### GIVEN DATA
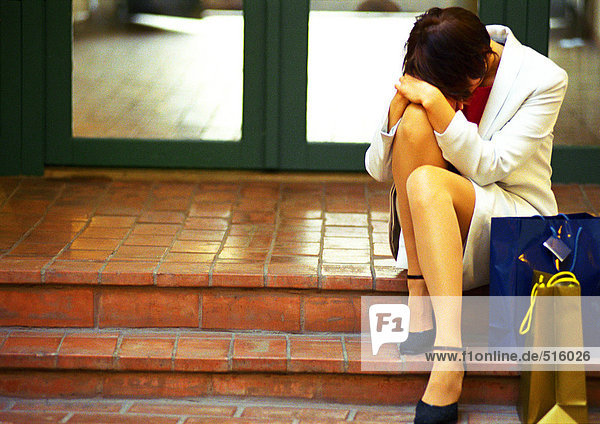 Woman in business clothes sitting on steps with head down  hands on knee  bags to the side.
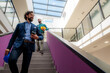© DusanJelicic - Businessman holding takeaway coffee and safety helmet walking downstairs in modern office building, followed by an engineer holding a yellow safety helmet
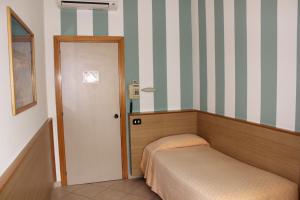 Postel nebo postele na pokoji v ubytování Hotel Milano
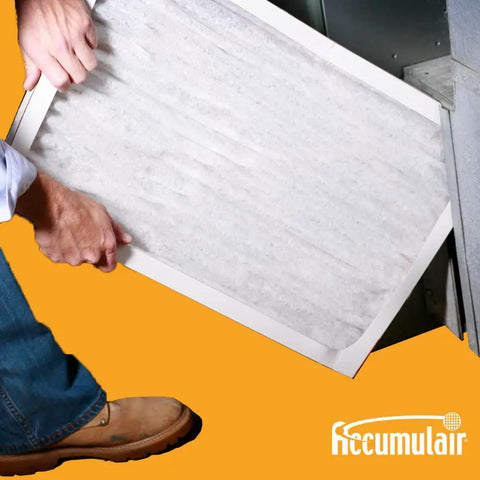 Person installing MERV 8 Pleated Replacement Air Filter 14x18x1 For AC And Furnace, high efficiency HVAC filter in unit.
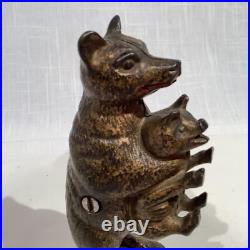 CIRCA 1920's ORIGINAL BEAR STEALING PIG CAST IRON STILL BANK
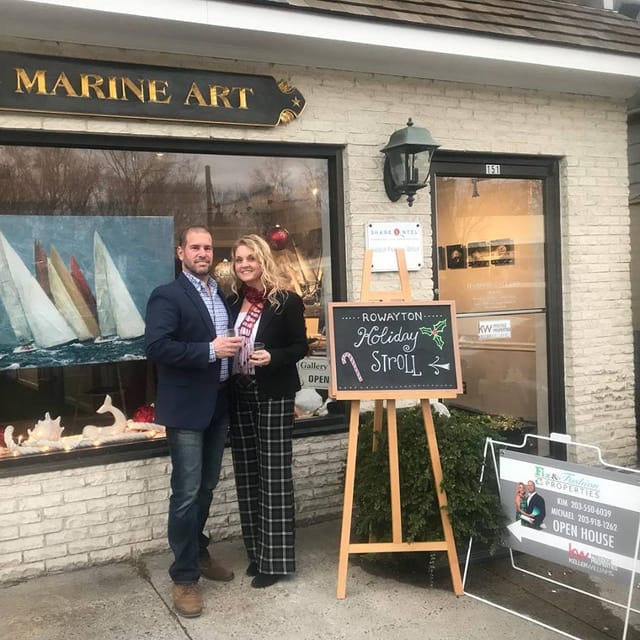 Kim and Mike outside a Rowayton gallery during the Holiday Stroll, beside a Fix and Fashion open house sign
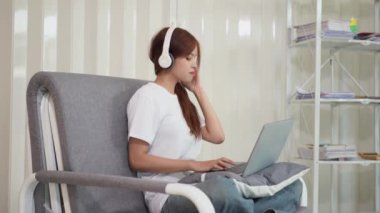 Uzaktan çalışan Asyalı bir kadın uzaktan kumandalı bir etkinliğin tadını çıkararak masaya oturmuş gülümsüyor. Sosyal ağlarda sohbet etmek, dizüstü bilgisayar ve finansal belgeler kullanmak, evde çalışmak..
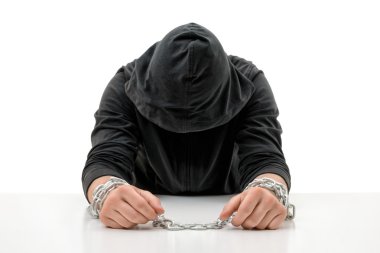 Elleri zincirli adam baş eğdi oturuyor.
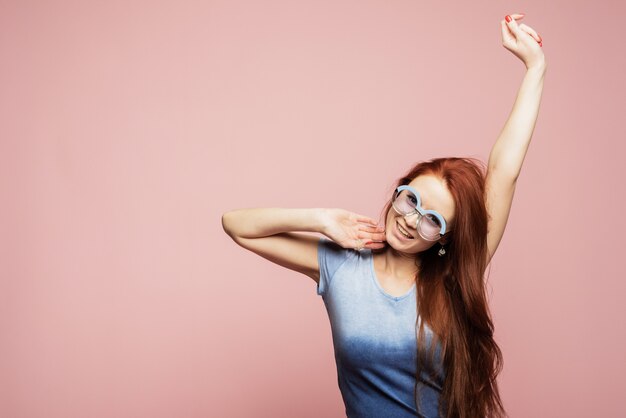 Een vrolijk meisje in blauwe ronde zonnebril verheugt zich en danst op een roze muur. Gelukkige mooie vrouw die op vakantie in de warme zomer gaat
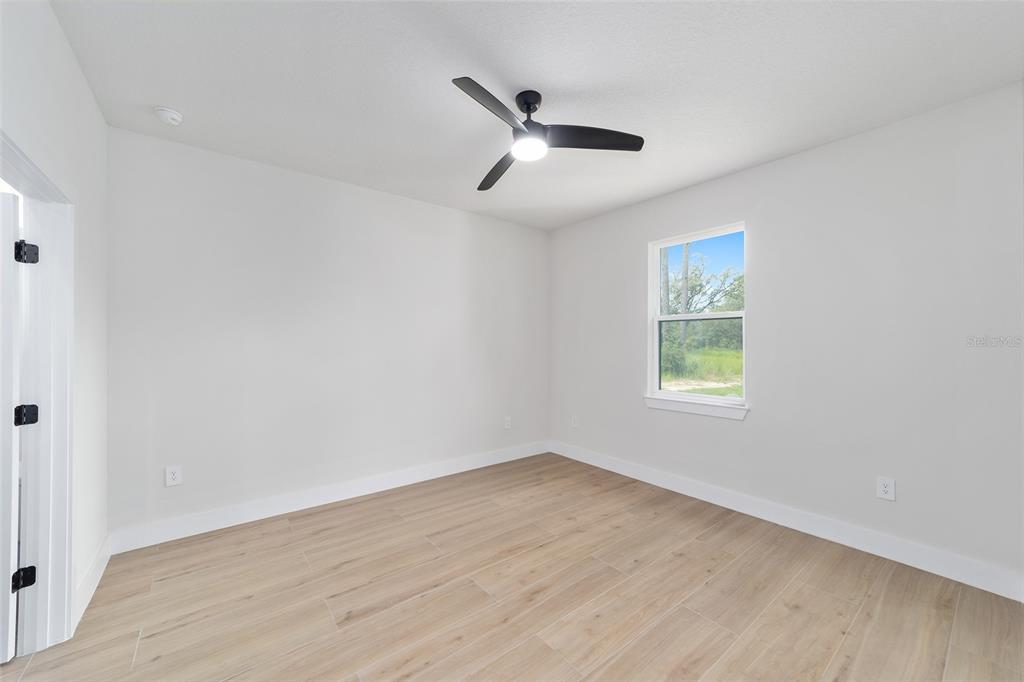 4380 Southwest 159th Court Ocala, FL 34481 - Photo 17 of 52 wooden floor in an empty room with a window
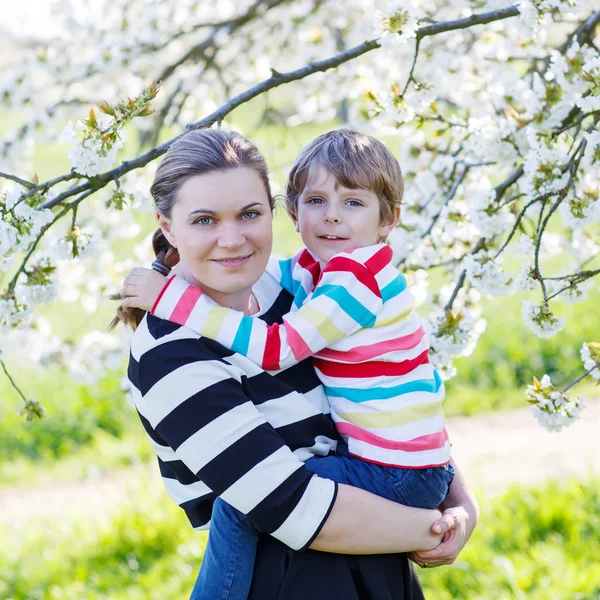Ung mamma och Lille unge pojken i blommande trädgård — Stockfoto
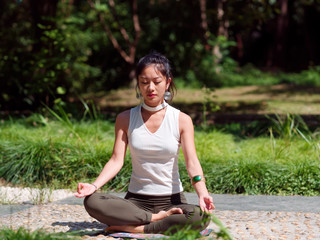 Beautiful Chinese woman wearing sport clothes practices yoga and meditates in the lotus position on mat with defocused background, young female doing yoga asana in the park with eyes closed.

### WHAT THIS TASK INVOLVES
Leaving out the pictures, repeat all the entries exactly as they stand.

### ANSWER AREA
 Woman in business clothes sitting on steps with head down  hands on knee  bags to the side.
© DusanJelicic - Businessman holding takeaway coffee and safety helmet walking downstairs in modern office building, followed by an engineer holding a yellow safety helmet
 Postel nebo postele na pokoji v ubytování Hotel Milano
 Person installing MERV 8 Pleated Replacement Air Filter 14x18x1 For AC And Furnace, high efficiency HVAC filter in unit.
 CIRCA 1920's ORIGINAL BEAR STEALING PIG CAST IRON STILL BANK
 Kim and Mike outside a Rowayton gallery during the Holiday Stroll, beside a Fix and Fashion open house sign
 Uzaktan çalışan Asyalı bir kadın uzaktan kumandalı bir etkinliğin tadını çıkararak masaya oturmuş gülümsüyor. Sosyal ağlarda sohbet etmek, dizüstü bilgisayar ve finansal belgeler kullanmak, evde çalışmak..
 Elleri zincirli adam baş eğdi oturuyor.
 Een vrolijk meisje in blauwe ronde zonnebril verheugt zich en danst op een roze muur. Gelukkige mooie vrouw die op vakantie in de warme zomer gaat
 4380 Southwest 159th Court Ocala, FL 34481 - Photo 17 of 52 wooden floor in an empty room with a window
Ung mamma och Lille unge pojken i blommande trädgård — Stockfoto
 Beautiful Chinese woman wearing sport clothes practices yoga and meditates in the lotus position on mat with defocused background, young female doing yoga asana in the park with eyes closed.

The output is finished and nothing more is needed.